What is Attorney Review?

Once the Contract is signed by both the Buyer and the Seller, each party has three business days to have an attorney review and/or revise the Contract. During this time period, your attorney will discuss the Contract with you, determine if changes need to be made, and decide whether any additional issues need to be addressed. Your attorney will then send an “attorney review” letter to the Seller’s attorney, and the Seller’s attorney, in turn, will send a review letter to your attorney. These letters will create revised or additional terms of the Contract. The Contract will remain in "Attorney Review" until all parties have reached an agreement as to the final terms, so the Contract is not binding until this happens and the Attorney Review period has been concluded.All time periods (for the mortgage contingency and inspection results) will begin to run on the date that Attorney Review is concluded. It is important to realize that since the contract is not binding during Attorney Review, the Seller may consider other offers on the property during that time.

It is ideal to select an attorney and contact her prior to signing a Contract – particularly if the Contract is a New Construction or “For Sale By Owner” (FSBO) Contract that very likely does not contain Attorney Review provisions. If a Contract of Sale does not have Attorney Review wording, it will be binding once it is signed. In this instance, it is particularly important that an attorney review the Contract prior to your signing it and it becoming binding.

What are my expected closing costs?


Immediately after the conclusion of the Attorney Review period, you should make an appointment to have a home inspection completed. Although home inspections are not required, it is generally recommended when buying a home. Depending on the property, you may opt to have any or all of the following inspections performed: structural, wood destroying insect (termite), radon, septic, well, heating/air conditioning, chimney, lead paint, and underground storage tank. In addition to providing you with valuable information about your new home, an inspection allows you to accompany the inspector around the property and obtain maintenance recommendations for your new home. Please note that this expense is paid directly to the home inspector at the time of the inspection.

You will typically have between 10 and 14 days to obtain an inspection and submit the results to the Seller’s attorney. Your attorney will send a copy of the inspection report to the Seller’s attorney and request that any material defects be addressed, either through repairs or through a credit at the time of closing. Both parties then work to reach an agreement with regard to any inspection issues. At your request, this firm will provide you with the contact information of various licensed and well-regarded home inspectors.

Title Insurance, Title Searches and Survey

You will be required to purchase title insurance, which is an insurance policy that covers both your ownership interest and your lender’s mortgage interest in the property. The title searches will show any judgments or liens that may exist against the parties or the property itself, including all of the Seller’s open mortgages and any tax liens from unpaid property taxes.

Your lender will generally require that you have a survey done for the property. A survey is a sketch or a map of the property showing its boundaries, the relative location of all buildings and fences, and any other physical features on the property.
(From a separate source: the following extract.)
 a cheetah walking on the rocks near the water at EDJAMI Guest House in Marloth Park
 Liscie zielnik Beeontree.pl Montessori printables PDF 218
It also shows the position of any public or municipal easements on the property.

This firm will order the title insurance policy and accompanying title searches from a licensed title agency, and we will order a property survey from a reputable surveyor. Title insurance, title searches and the survey costs are paid at closing.

Mortgage costs

Mortgage closings costs vary from lender to lender. You are advised to speak with your mortgage broker about their specific costs/fees. Some companies collect fees up front and others are paid at closing. It is wise to contact multiple mortgage companies to compare rates and closing costs. At your request, this office will provide you with the contact information of various reputable mortgage companies.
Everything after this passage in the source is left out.